You can purchase a Bonus Assignments pack with the best non-demo versions of mlcourse.ai assignments. Select the “Bonus Assignments” tier on Patreon or a similar tier on Boosty (rus).

  

Details of the deal

mlcourse.ai is still in self-paced mode but we offer you Bonus Assignments with solutions for a contribution of $17/month. The idea is that you pay for ~1-5 months while studying the course materials, but a single contribution is still fine and opens your access to the bonus pack.

Note: the first payment is charged at the moment of joining the Tier Patreon, and the next payment is charged on the 1st day of the next month, thus it’s better to purchase the pack in the 1st half of the month.

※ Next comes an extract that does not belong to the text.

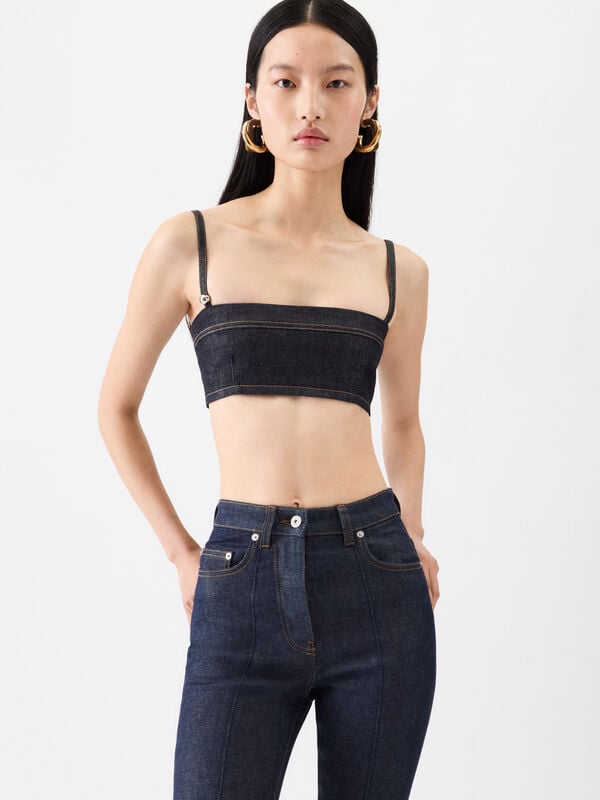 The Bisou de-Nîmes denim bandeau top jacquemus براليت the bisou de n mes denim bandeau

mlcourse.ai is never supposed to go fully monetized (it’s created in the wonderful open ODS.ai community and will remain open and free) but it’d help to cover some operational costs, and Yury also put in quite some effort into assembling all the best assignments into one pack. Please note that unlike the rest of the course content, Bonus Assignments are copyrighted. Informally, Yury’s fine if you share the pack with 2-3 friends but public sharing of the Bonus Assignments pack is prohibited.


In this assignment, you’ll be guided through working with sparse data, feature engineering, model validation, and the process of competing on Kaggle. The task will be to beat baselines in the “Alice” Kaggle competition. That’s a very useful assignment for anyone starting to practice with Machine Learning, regardless of the desire to compete on Kaggle.

The competition is about identifying a user (“Alice”) on the Internet through tracking her web sessions, it’s based on the actual data from one French University. The competition turned out to be very successful, in a sense that the task can be solved well with fairly simple models (literally, logistic regression), and extensive feature engineering.

../../_images/topic6-teaser.png

For example, the figure above depicts the distribution of session start hours for Alice and others. You might see that distributions are quite different. Hence, such a feature can be added to the model and improve its quality. Such an activity – feature engineering – is a very creative process (we touch it later in the course as well). And it turns out, this competition is very rewarding for thoughtful feature engineering. And well, coming up with good features via visual analysis, adding those to the model, and climbing up the leaderboard – that’s an unforgettable adventure!

In this task, we arm you with a fairly well-performing baseline, and then you are invited to come up with new features and beat baselines.